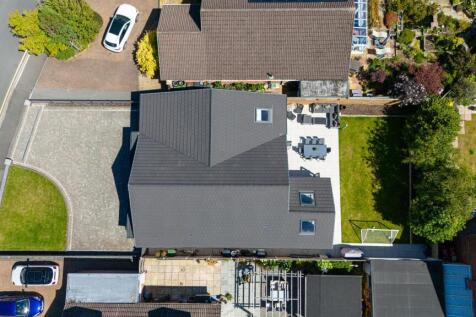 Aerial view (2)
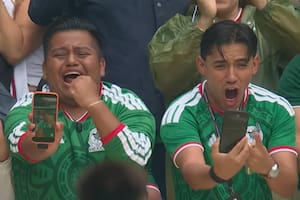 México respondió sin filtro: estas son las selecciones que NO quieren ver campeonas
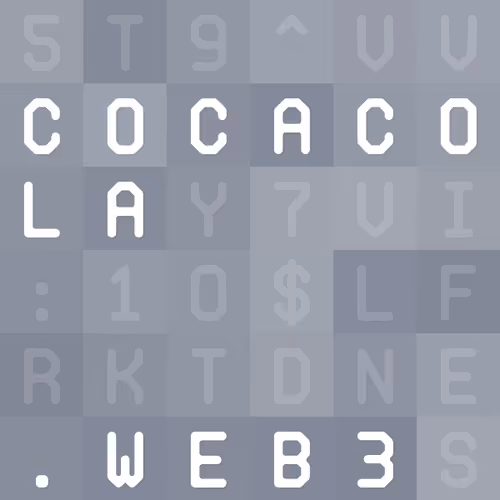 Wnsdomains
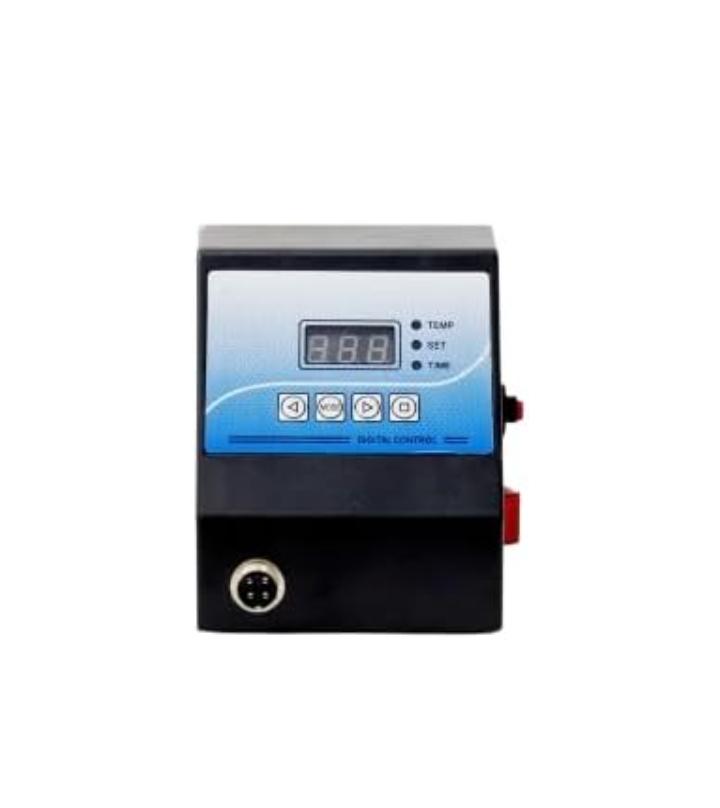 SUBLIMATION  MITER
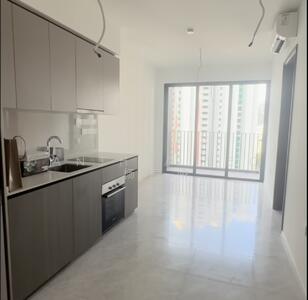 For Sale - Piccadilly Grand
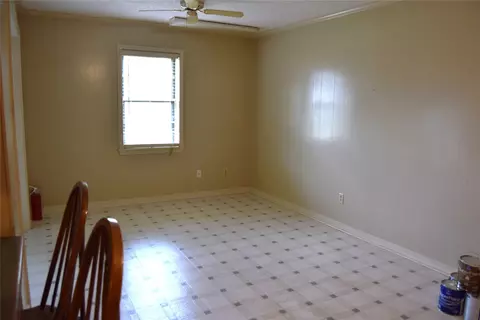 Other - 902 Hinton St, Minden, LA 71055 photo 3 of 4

--

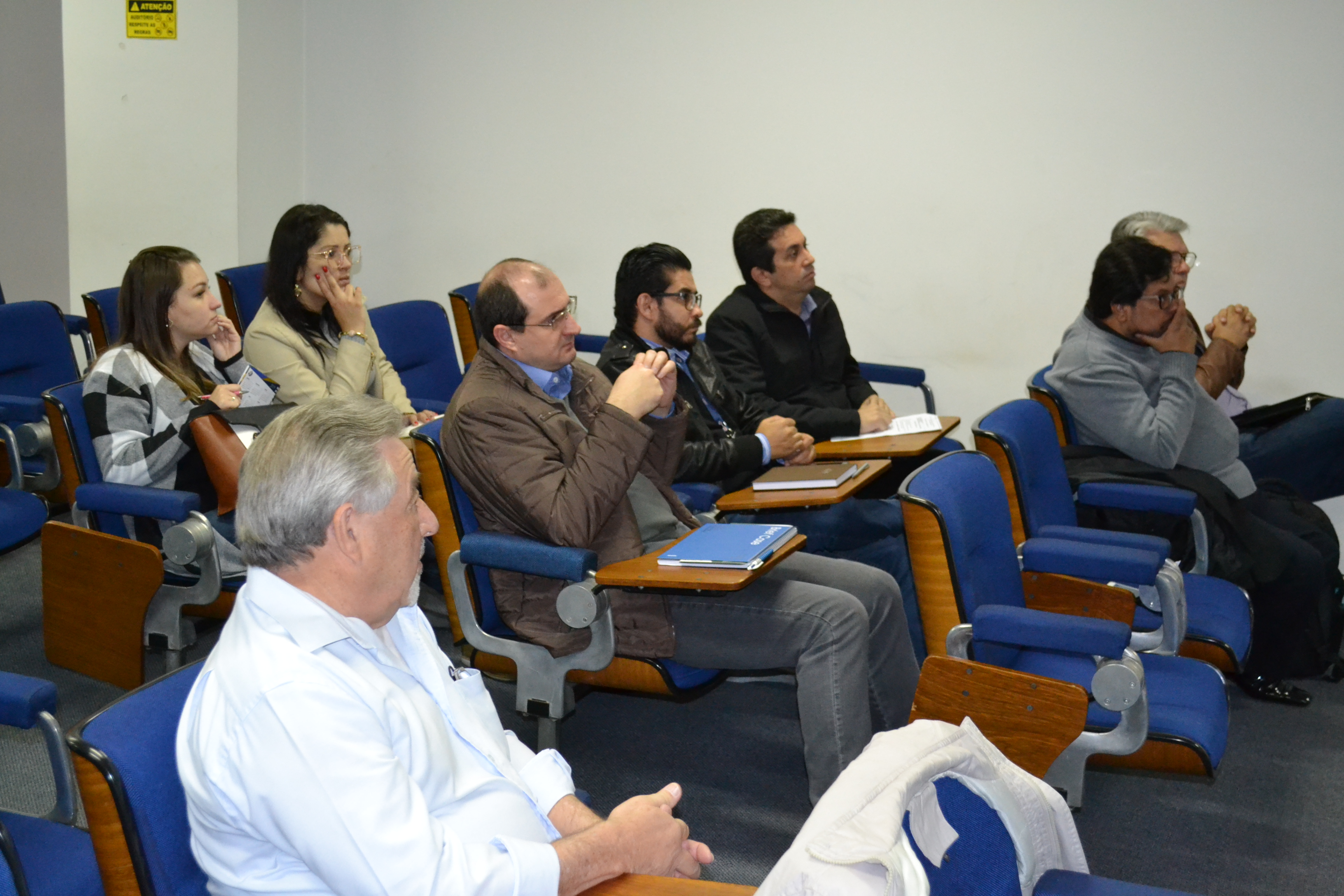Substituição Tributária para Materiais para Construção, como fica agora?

--

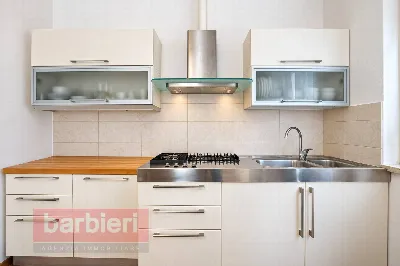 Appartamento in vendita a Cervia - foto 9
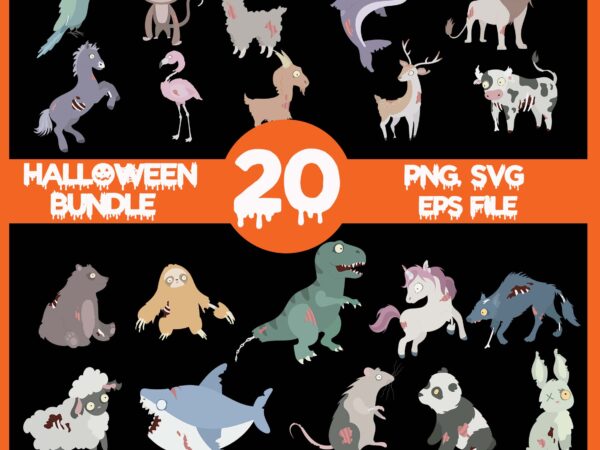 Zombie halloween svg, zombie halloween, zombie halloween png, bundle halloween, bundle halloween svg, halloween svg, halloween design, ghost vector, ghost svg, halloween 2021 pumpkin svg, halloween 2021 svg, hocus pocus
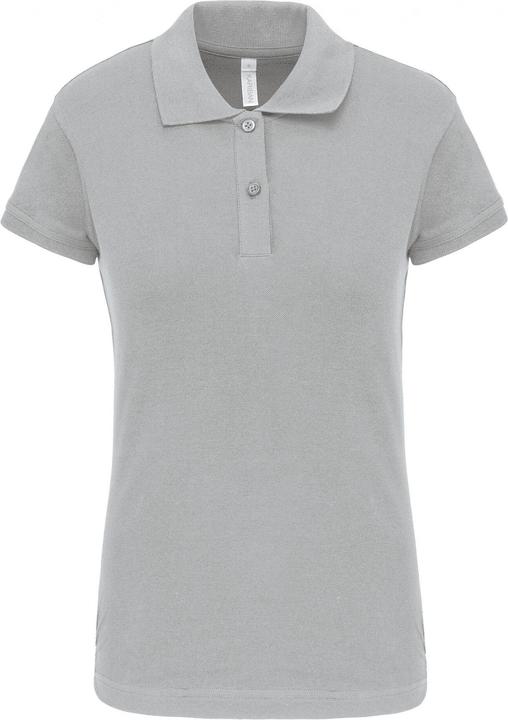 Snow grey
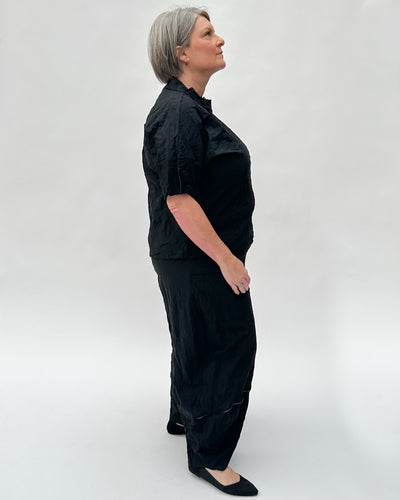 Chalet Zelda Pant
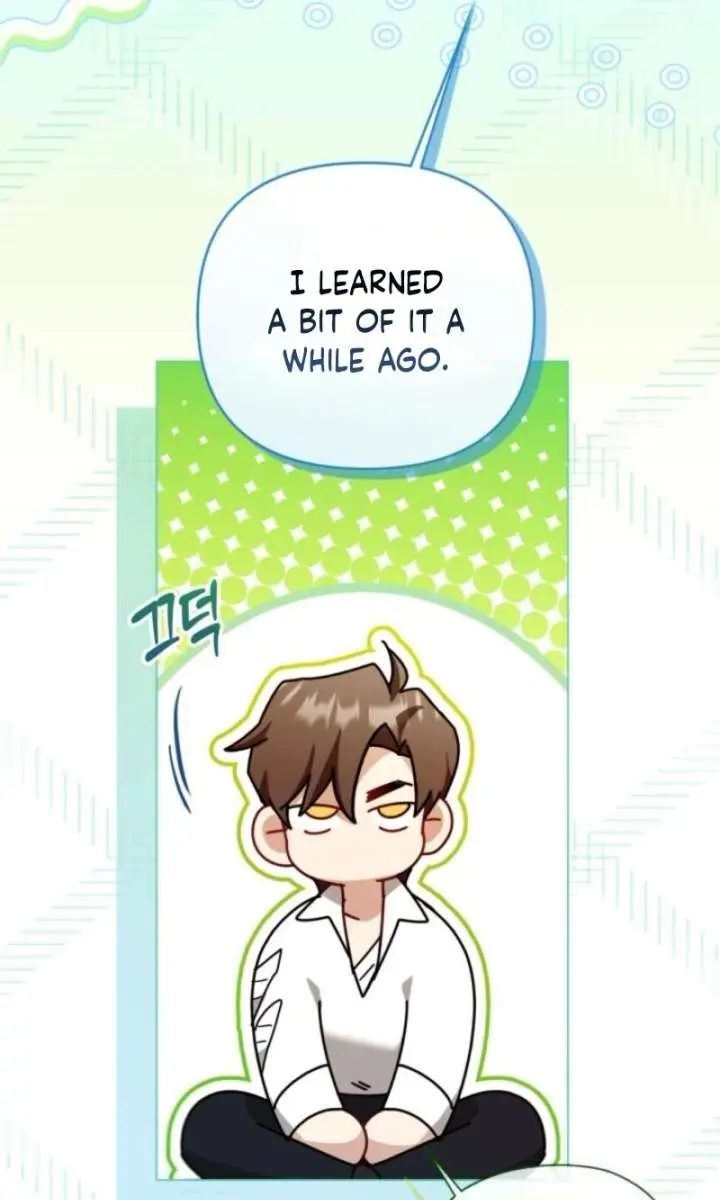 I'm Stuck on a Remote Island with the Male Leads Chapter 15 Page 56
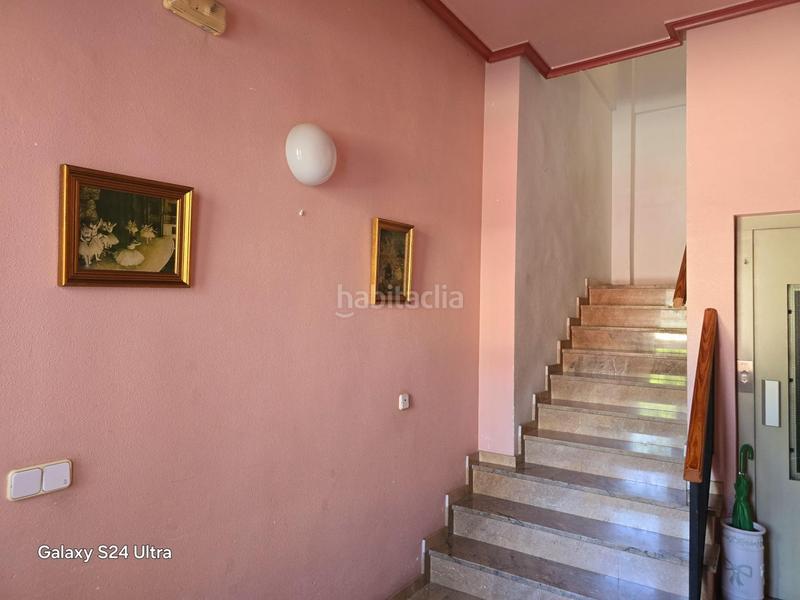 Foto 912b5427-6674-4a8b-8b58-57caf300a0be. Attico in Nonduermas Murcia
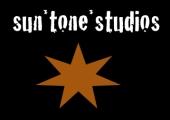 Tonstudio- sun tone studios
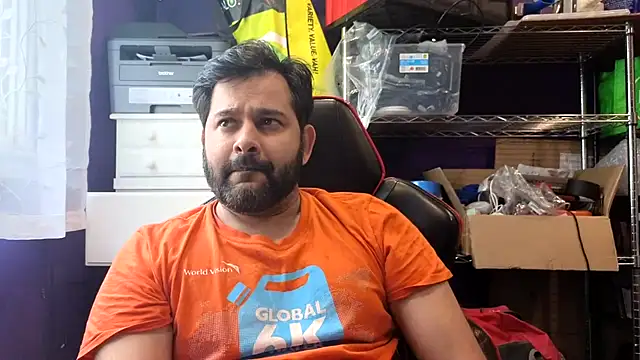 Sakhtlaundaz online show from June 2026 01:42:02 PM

YOUR OBJECTIVE: From the records above, quote word for word only the lines beginning at the line that has "Foto 912b5427-6674-4a8b-8b58-57caf300a0be. Attico" and stopping after the line that has "Sakhtlaundaz online show". Omit the pictures.

EXERCISE ANSWER:
 Foto 912b5427-6674-4a8b-8b58-57caf300a0be. Attico in Nonduermas Murcia
 Tonstudio- sun tone studios
 Sakhtlaundaz online show from June 2026 01:42:02 PM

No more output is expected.